An empty shell

Today’s doctors study anatomy in great detail, aided by constant improvements in microscope technology, electronic scanning and, in recent decades, computers. But what exactly are they studying?

If you want to see what a human body looks like with its mental and emotional energies taken away, look out for Professor Gunther von Hagens’ travelling Bodyworlds Exhibition. Here you will find real human bodies displayed in all their glory (or stripped of their dignity, depending on your point of view).

The Professor is a controversial figure. In the 1970s he developed a technique called ‘plastination’, which removes the moisture from human and animal bodies and enables him to preserve them more or less indefinitely.

I found the Bodyworlds Exhibition a powerful educational experience. Waiting to greet me were over two hundred exhibits. Some were simply displays of body parts, including both male and female brains sliced like ham, a smoker’s black lungs opened up and compared with a non-smoker’s, and the tubes inside a scrotum drawn out to their full length, about a metre or so.

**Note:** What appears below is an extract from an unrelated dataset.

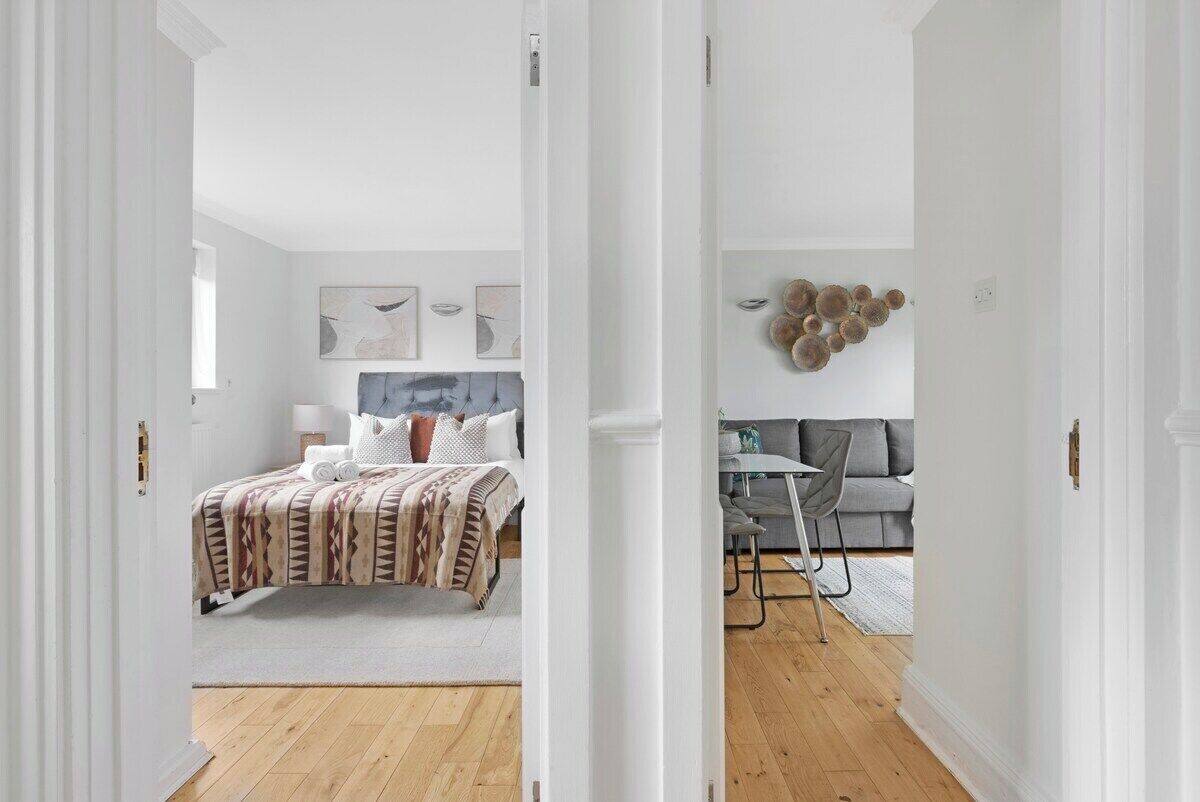 2 間睡房、熨斗/熨衫板、Wi-Fi、床單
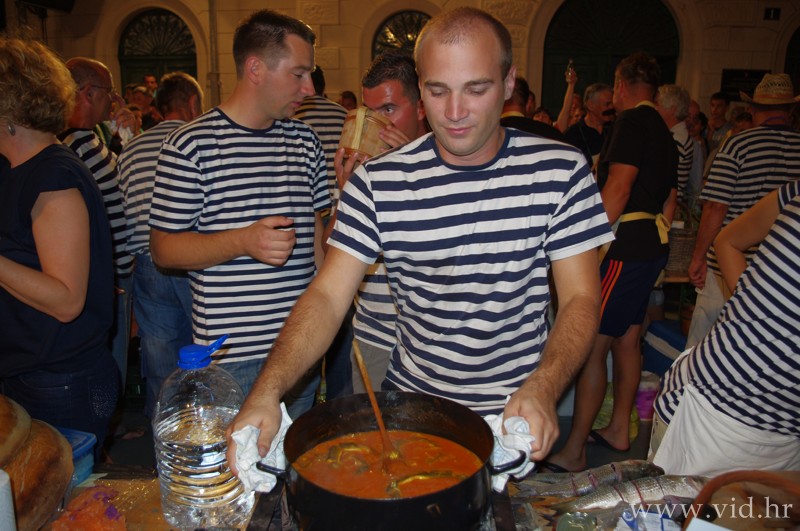 Brudetijada (15)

Others displayed complete cadavers with their skin removed, their bones, muscles and internal organs arranged in a variety of poses, each designed to demonstrate different anatomical features. A variety of athletic poses illustrated the use of muscle systems; there were plastinates riding a plastinated horse, playing basketball, kneeling before a cross and so on.

Juan Valverde

One stood proud, holding his skin in one hand like a blanket and unashamedly revealing his internal organs, mimicking a similar pose on an anatomical plate dated 1559 by Juan Valverde de Amusco in which a man holds a knife in one hand and his own skin in the other.

Another opened his arms like a pope to reveal all the organs of his stomach and chest cavity and another the torso of a pregnant woman sliced vertically in half to show the womb and foetus in situ.

It is easy to see why von Hagens is accused of publicity seeking. Indeed, press reports in 2009 that he was planning a sex show featuring plastinates attracted hundreds of complaints. Politicians and churchmen lined up to label it revolting and unacceptable, and a short video about the exhibit was banned in several countries.

But despite the protests, the Professor insists that his work is educational. Visitors see the structure and inner workings of the human body and the long-term impact of diseases and are brought face to face with the effects of poor lifestyle choices such as smoking, drugs and excessive alcohol consumption.

I certainly learned a lot, and my occasional discomfort never turned into offence. But as I left the exhibition, one thought kept recurring. I had not been looking at whole human beings at all: whatever had kept them alive and made them human – their very humanness – was no longer there. 

Without our non-physical attributes – what some philosophers call the ghost in the maching – we are nothing but an empty shell.